What to do:
After finding the line with "White Farmhouse End" in the entries below, retype exactly each line from there through the line with "Spirals, Spiral with", including that final line.
START Provided data
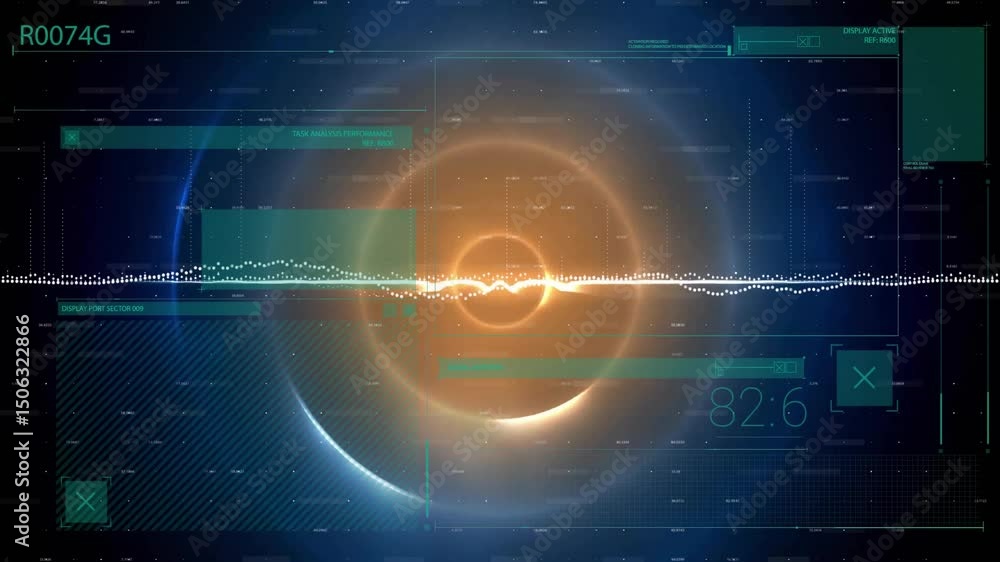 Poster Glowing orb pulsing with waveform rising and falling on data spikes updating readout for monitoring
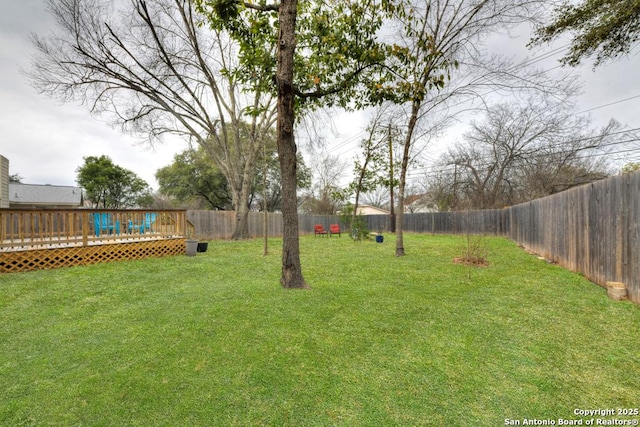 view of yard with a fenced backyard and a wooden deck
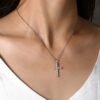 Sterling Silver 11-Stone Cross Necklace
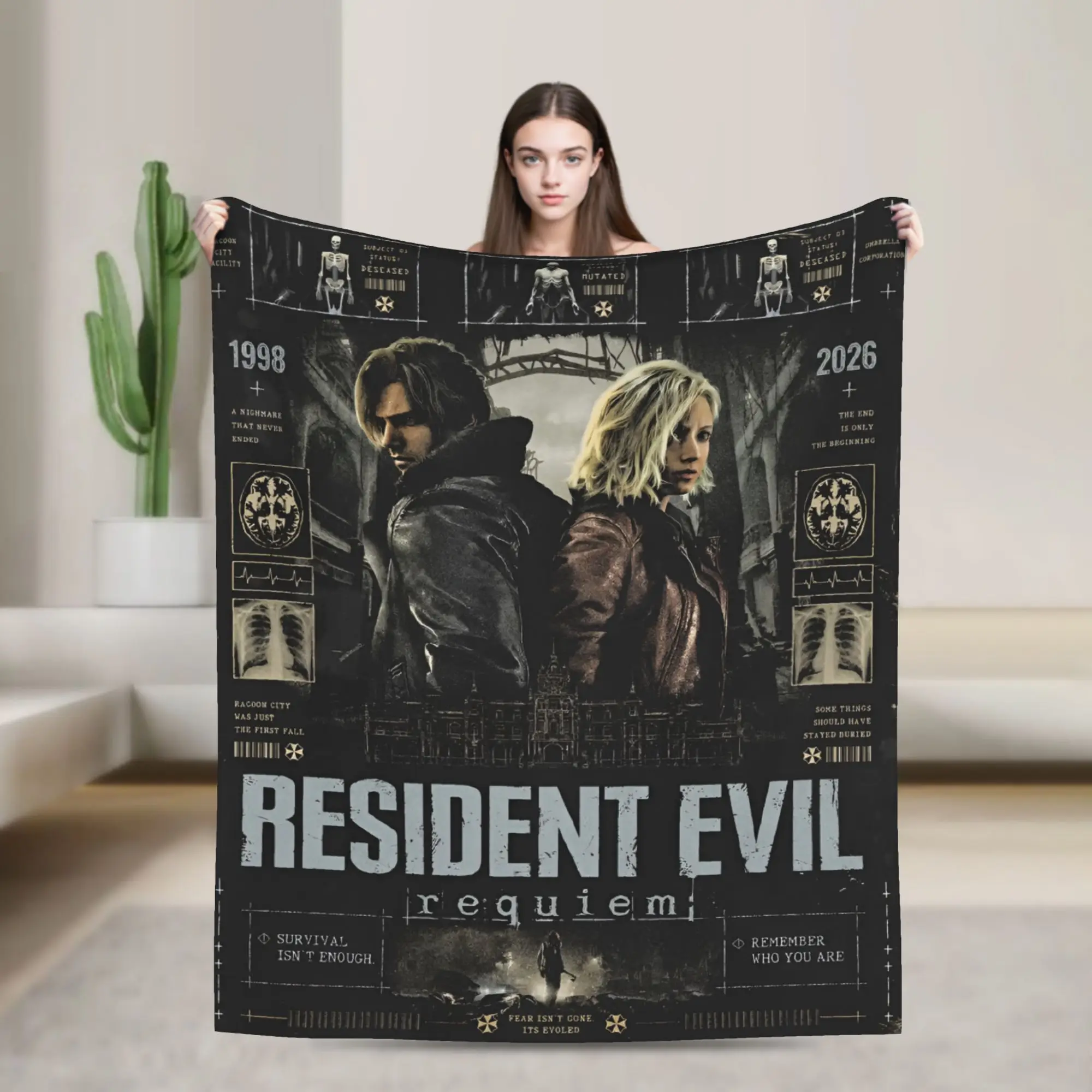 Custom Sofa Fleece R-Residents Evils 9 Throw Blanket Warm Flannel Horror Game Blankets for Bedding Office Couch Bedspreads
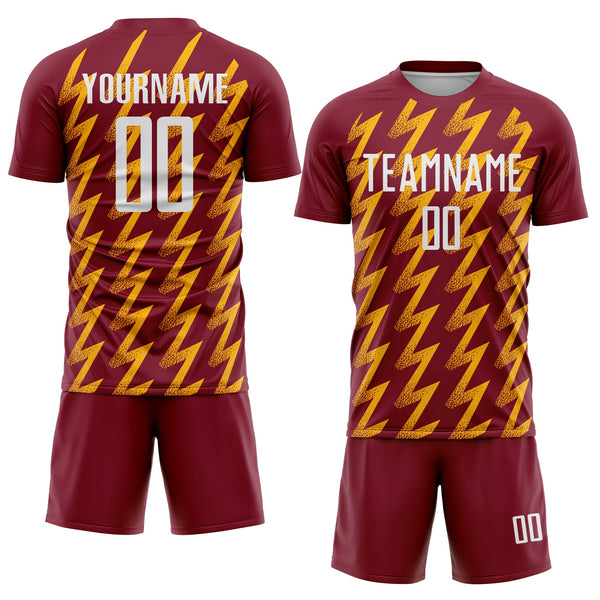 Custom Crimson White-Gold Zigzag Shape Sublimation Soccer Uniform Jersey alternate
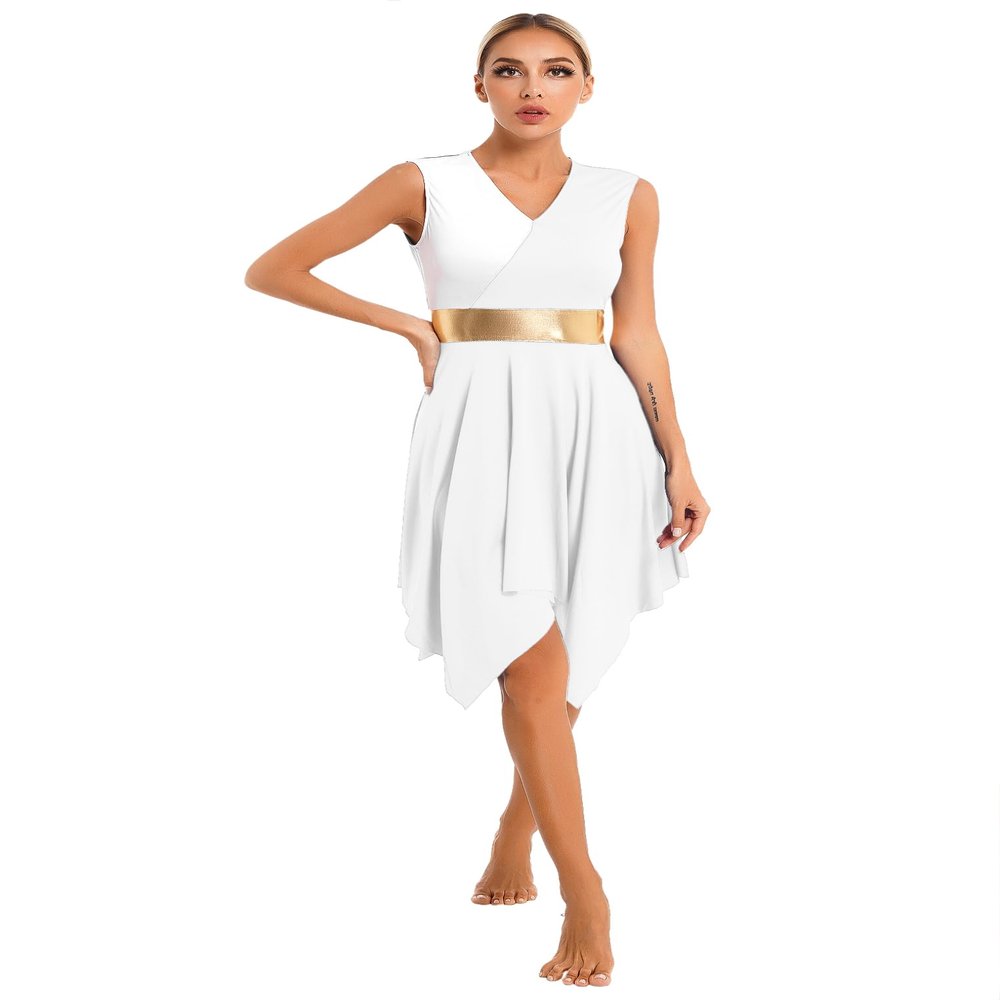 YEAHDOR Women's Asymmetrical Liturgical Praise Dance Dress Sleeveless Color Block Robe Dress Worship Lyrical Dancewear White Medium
END Provided data
START Provided data
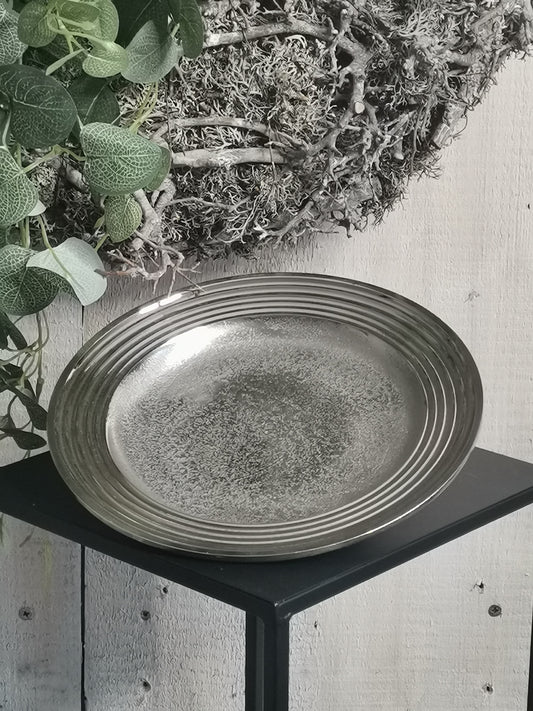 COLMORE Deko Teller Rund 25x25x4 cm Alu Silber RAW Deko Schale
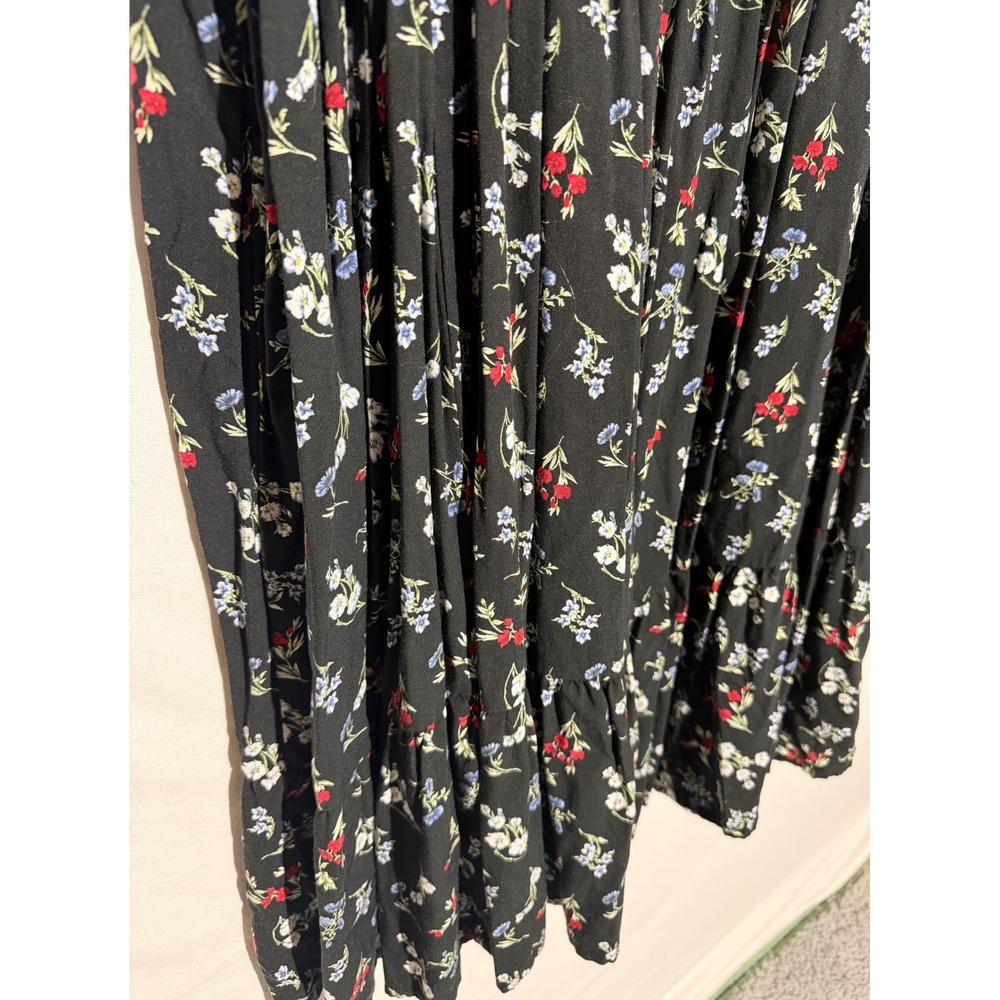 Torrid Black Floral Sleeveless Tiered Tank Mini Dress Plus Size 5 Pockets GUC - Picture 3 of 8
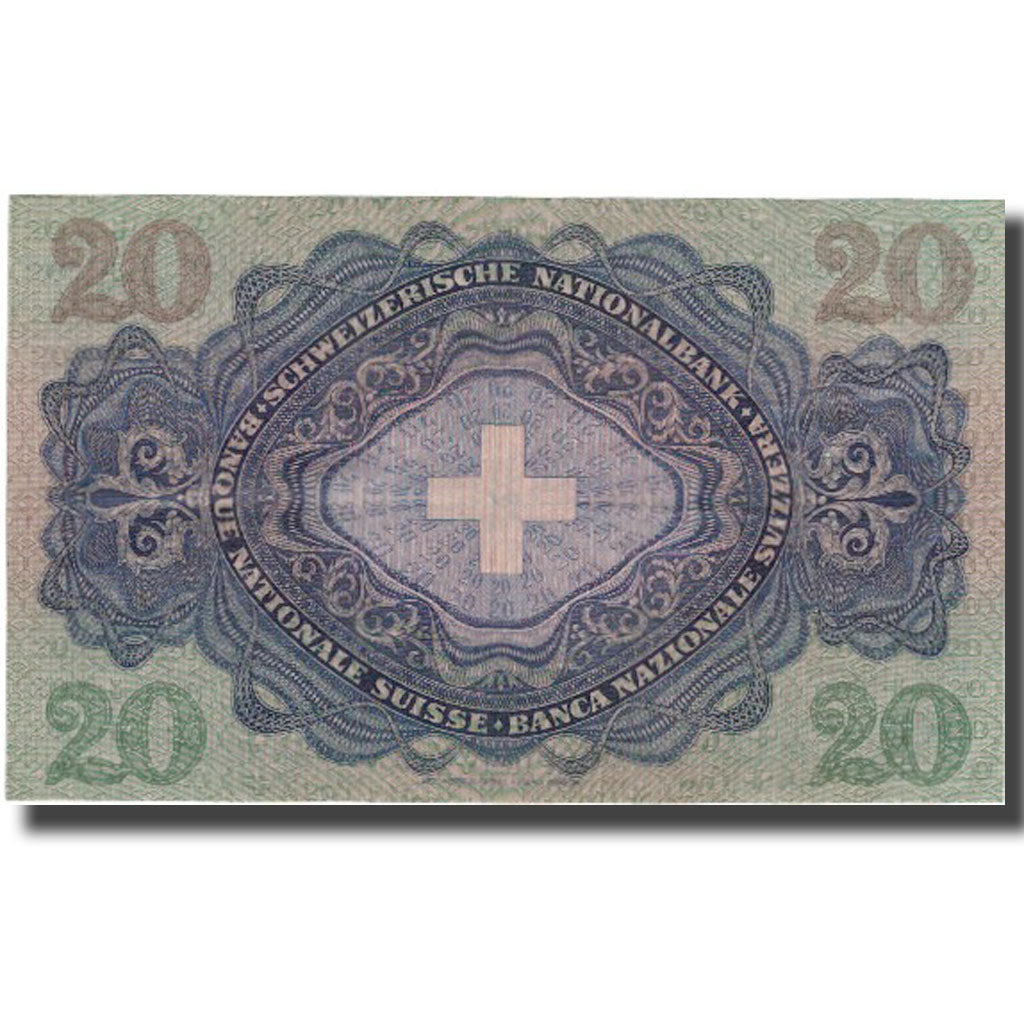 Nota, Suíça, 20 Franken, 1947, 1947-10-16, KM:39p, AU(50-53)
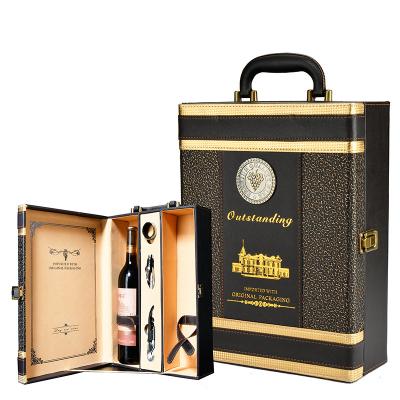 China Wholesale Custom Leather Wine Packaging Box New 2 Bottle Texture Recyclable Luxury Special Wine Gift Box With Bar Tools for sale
END Provided data
START Provided data
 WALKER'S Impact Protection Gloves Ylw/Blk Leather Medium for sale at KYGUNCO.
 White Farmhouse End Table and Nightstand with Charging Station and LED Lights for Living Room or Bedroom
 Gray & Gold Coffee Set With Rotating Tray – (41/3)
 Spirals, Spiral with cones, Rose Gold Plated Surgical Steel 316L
END Provided data
Solution to this task:
 White Farmhouse End Table and Nightstand with Charging Station and LED Lights for Living Room or Bedroom
 Gray & Gold Coffee Set With Rotating Tray – (41/3)
 Spirals, Spiral with cones, Rose Gold Plated Surgical Steel 316L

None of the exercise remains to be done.